**PROBLEM TO WORK ON**: I would like the records restated word for word, without the pictures.

□ □ □ □ □

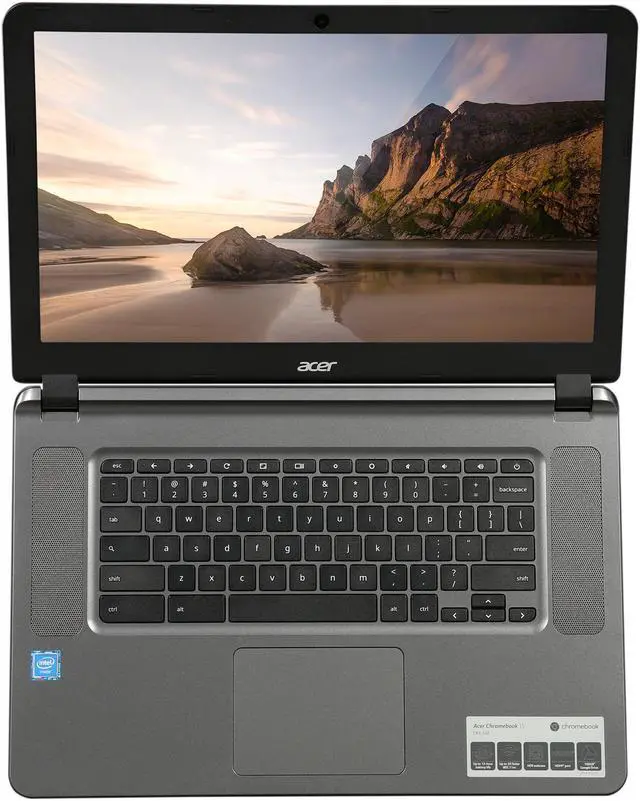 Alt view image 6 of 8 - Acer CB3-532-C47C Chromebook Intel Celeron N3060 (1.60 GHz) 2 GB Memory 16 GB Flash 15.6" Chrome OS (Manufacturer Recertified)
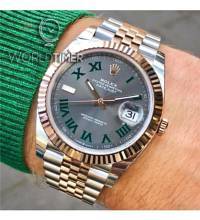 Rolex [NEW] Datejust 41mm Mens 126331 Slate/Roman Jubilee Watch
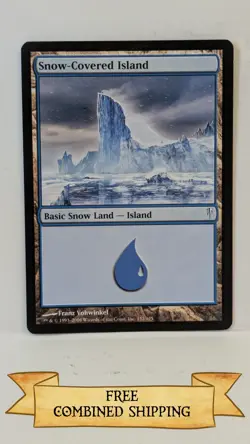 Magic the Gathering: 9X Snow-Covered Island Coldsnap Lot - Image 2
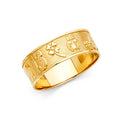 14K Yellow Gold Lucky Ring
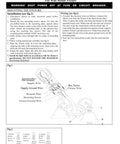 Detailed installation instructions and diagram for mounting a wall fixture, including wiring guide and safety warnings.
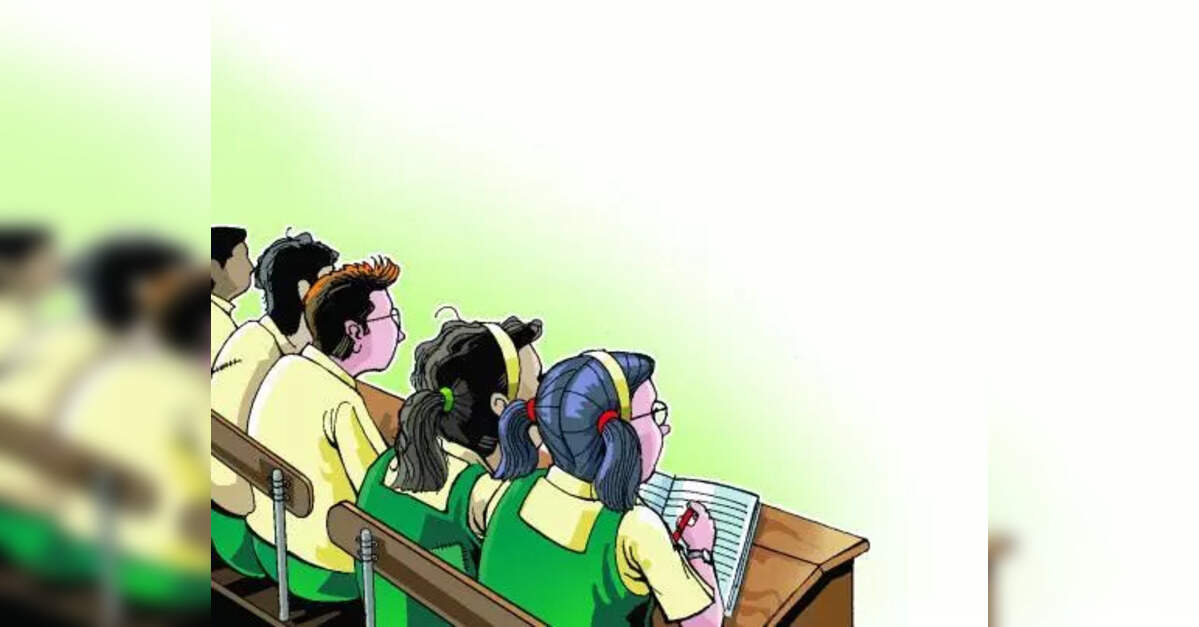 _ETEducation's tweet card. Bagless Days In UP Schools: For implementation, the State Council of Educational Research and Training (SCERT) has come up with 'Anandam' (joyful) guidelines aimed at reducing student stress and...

□ □ □ □ □

**SOLUTION TO THIS TASK**:
 Alt view image 6 of 8 - Acer CB3-532-C47C Chromebook Intel Celeron N3060 (1.60 GHz) 2 GB Memory 16 GB Flash 15.6" Chrome OS (Manufacturer Recertified)
 Rolex [NEW] Datejust 41mm Mens 126331 Slate/Roman Jubilee Watch
 Magic the Gathering: 9X Snow-Covered Island Coldsnap Lot - Image 2
 14K Yellow Gold Lucky Ring
 Detailed installation instructions and diagram for mounting a wall fixture, including wiring guide and safety warnings.
 _ETEducation's tweet card. Bagless Days In UP Schools: For implementation, the State Council of Educational Research and Training (SCERT) has come up with 'Anandam' (joyful) guidelines aimed at reducing student stress and...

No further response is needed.